Microbial communities on plant leaves have been reported to be subjected to frequent changes in their composition and size over time, due to emigration, immigration, growth and death (Kinkel, 1997). Although it might be expected that Methylobacterium communities are also subjected to such frequent changes, this seems to mainly apply to their abundance in the phyllosphere, and less to their community composition. The presence of similar Methylobacterium communities over a rather short period of time (3 weeks) has been reported in a previous study (Knief et al., 2008). In this study, the same ARISA peaks and thus probably the same members of the genus Methylobacterium were found even 1 year later on a new generation of A. thaliana plants (Figure 4 and Supplementary Figure S3e). These observations may be explained by the fact that diverse phyllosphere-inhabiting taxa may respond to environmental factors to various degrees.
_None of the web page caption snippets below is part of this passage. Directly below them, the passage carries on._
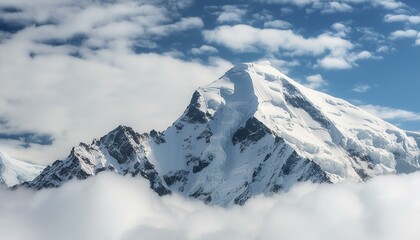 Photo of a snow-capped mountain peak in the clouds. Cool shades, majestic height, icy formations.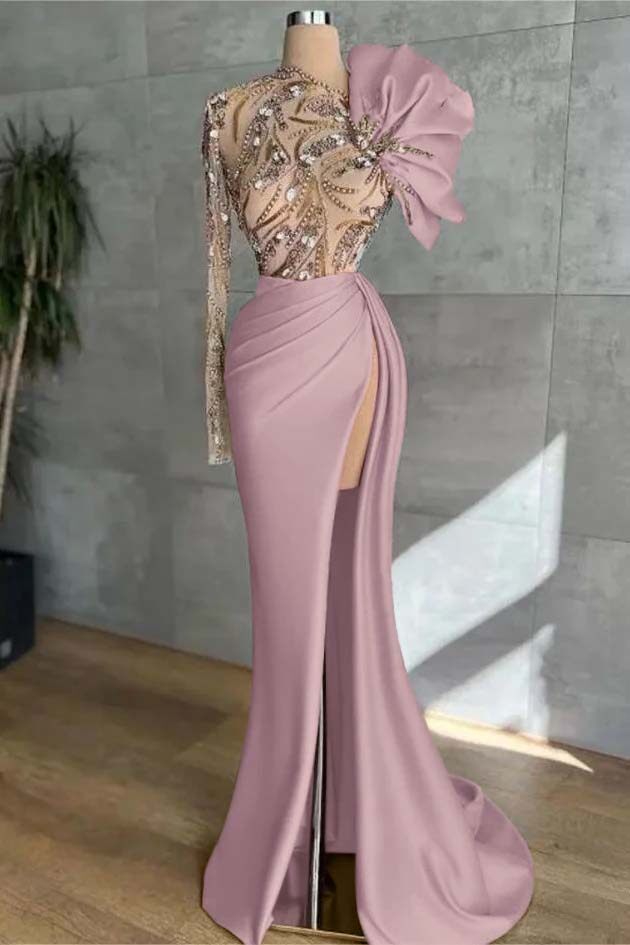 Long Sleeve Mermaid Long Prom Dress with Split and Appliques
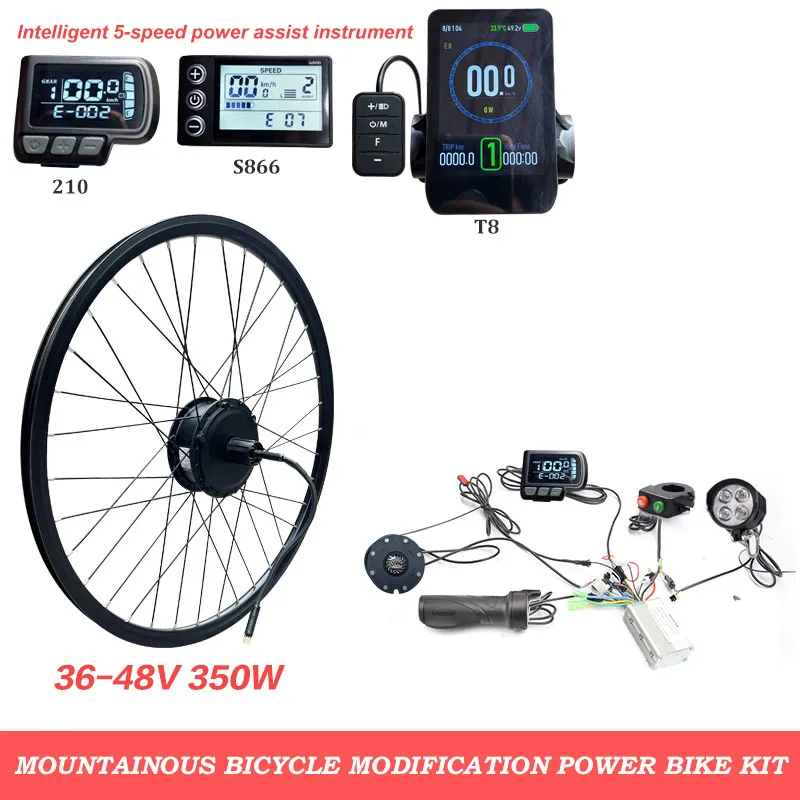 Комплект для электрического велосипеда с комплектом для электрического велосипеда ebike, 20 дюймов, 26 дюймов, 27,5, 700C, 350 Вт, передний и задний электрический мотор-концентратор колеса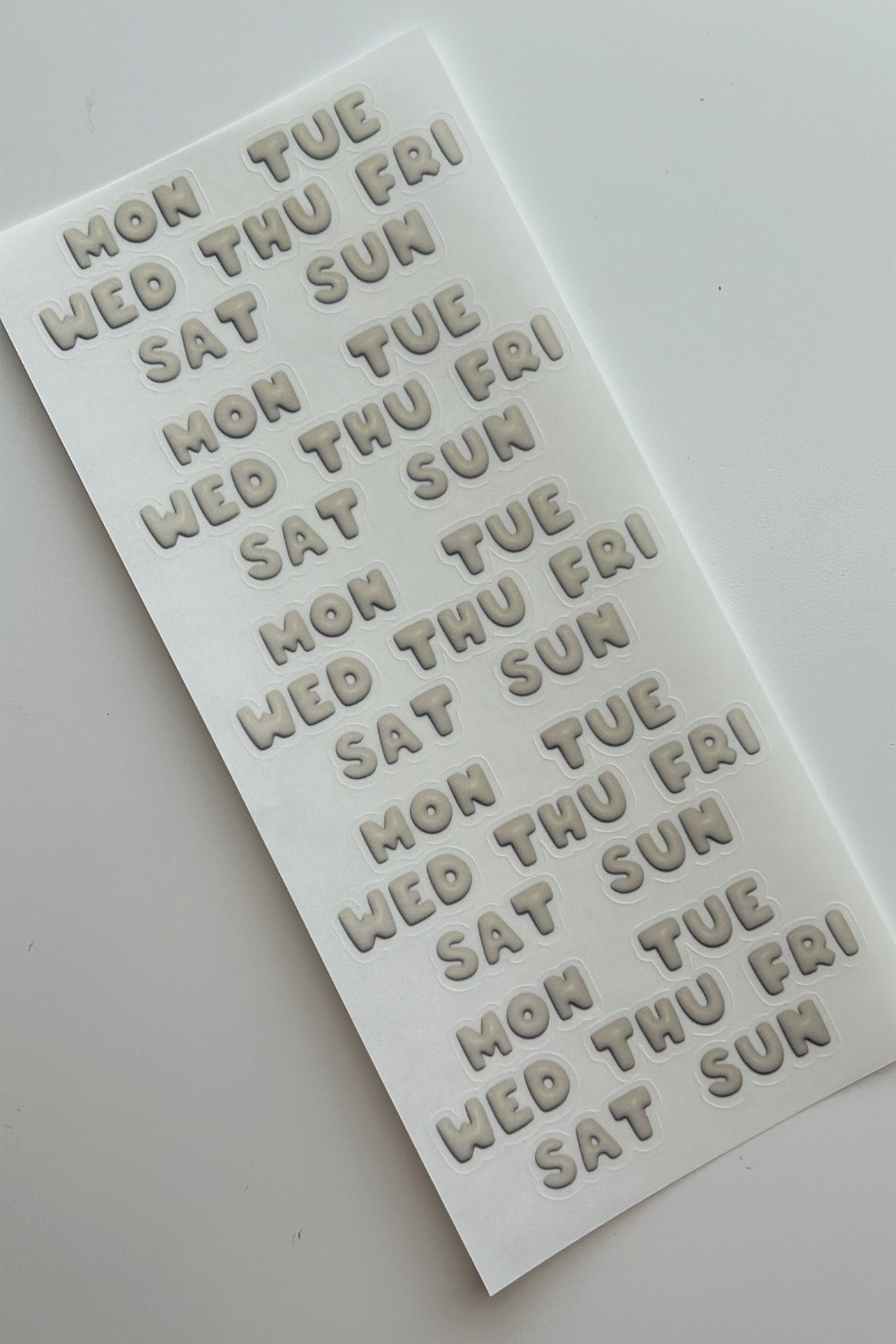 3D balloon day of week stickers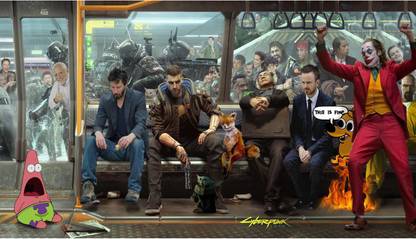 Cyberpunk 2077, CD Projekt Red, Video Game Art, Joker, Keanu Reeves, Patrick, Memes Characters, Decorative Wallpaper (12x18in) High-Quality Frameless Wall Poster for Home Decoration, Room Decoration Peel & Paste the Poster on Wall 300g Gloss Laminated Poster, Wallpaper for Youtube Background Photographic Paper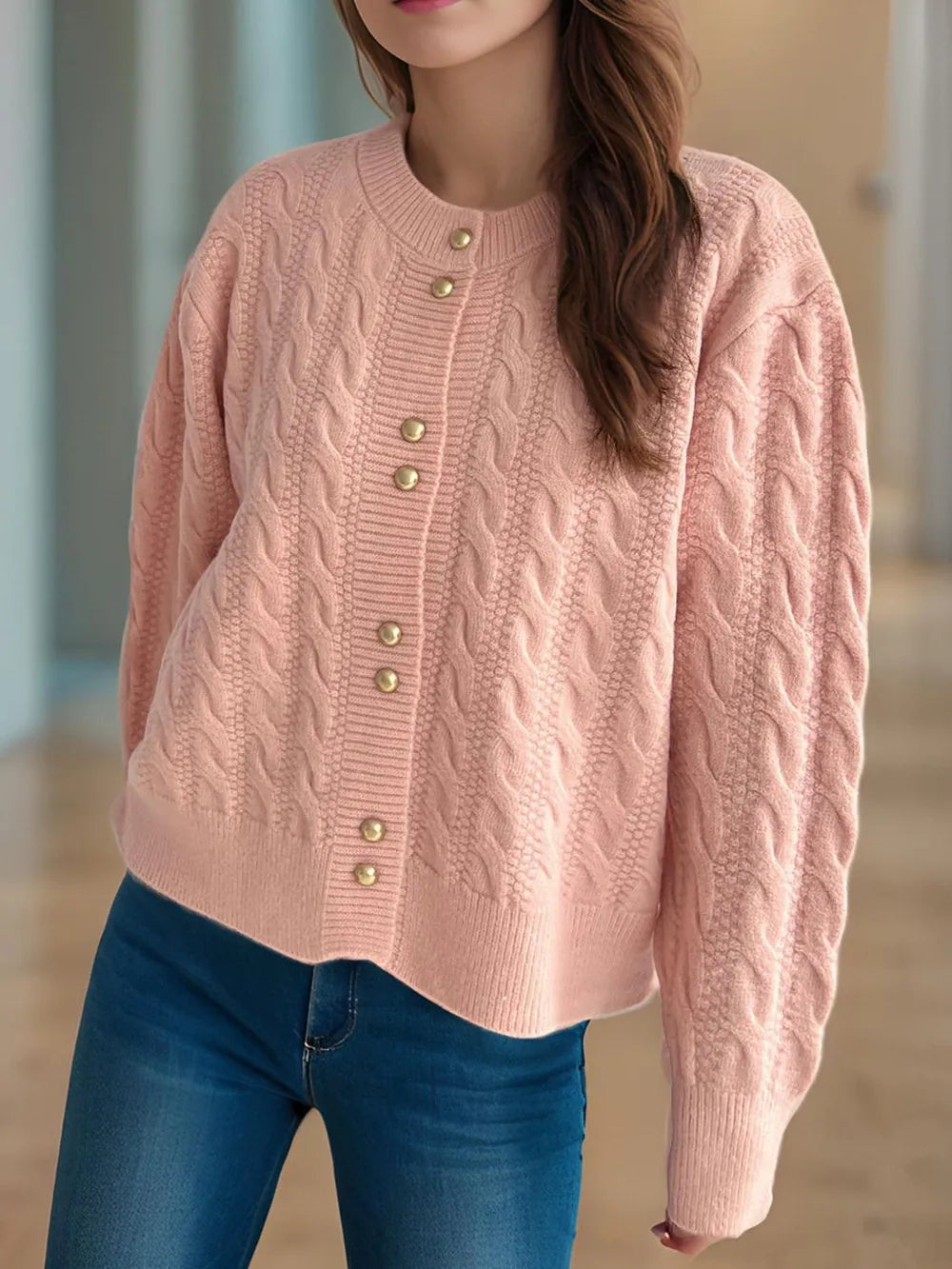 Cable-Knit Round Neck Long Sleeve Cardigan - Fashorio
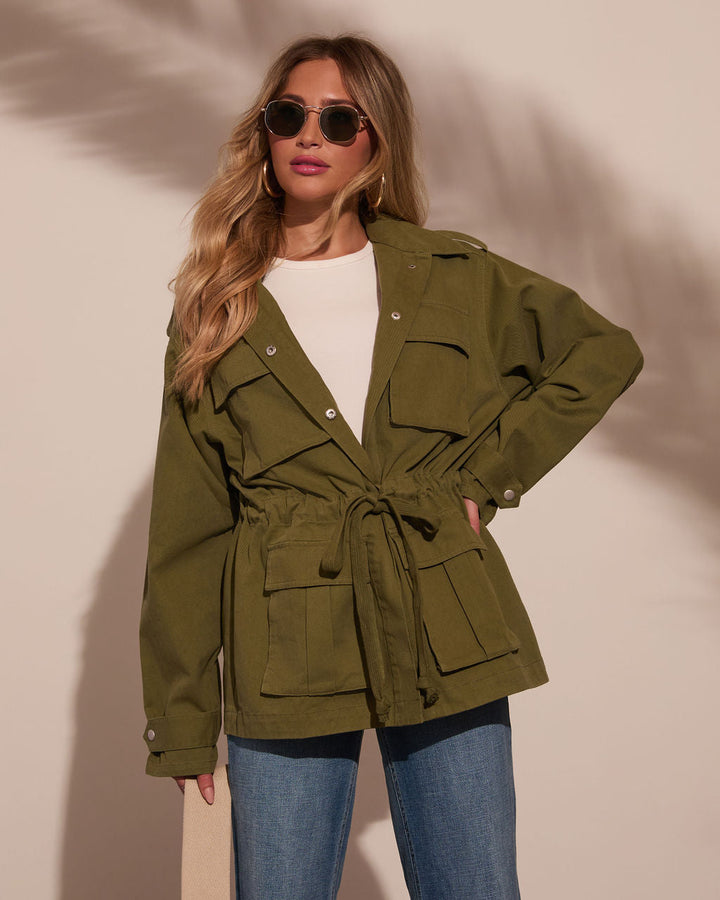 Stay Ready Cinched Waist Utility Jacket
Plants appear to harbor some bacterial taxa that are consistent colonizers, and others that are rather transient inhabitants (Hirano and Upper, 1991). These transient colonizers may be responsible for a major part of the variation in the microbial community composition, whereas consistent colonizers would display a rather stable community composition over time.

In conclusion, the results of this study showed that site and plant species are both important for shaping Methylobacterium communities. Plants at a certain site are colonized by methylobacteria that occur at that site. However, it remains currently open whether phyllosphere-colonizing methylobacteria originate from the plant seed, the soil or from surrounding plants. The finding that the same ARISA peaks were detected on diverse plant types suggests that phyllosphere-colonizing methylobacteria, which have been suggested to have undergone a coevolution together with plants (Kutschera, 2007), have evolved into generalists rather than specialists in their ability to colonize plants. This can serve as one explanation for the ubiquitous occurrence of this bacterial genus in the plant phyllosphere.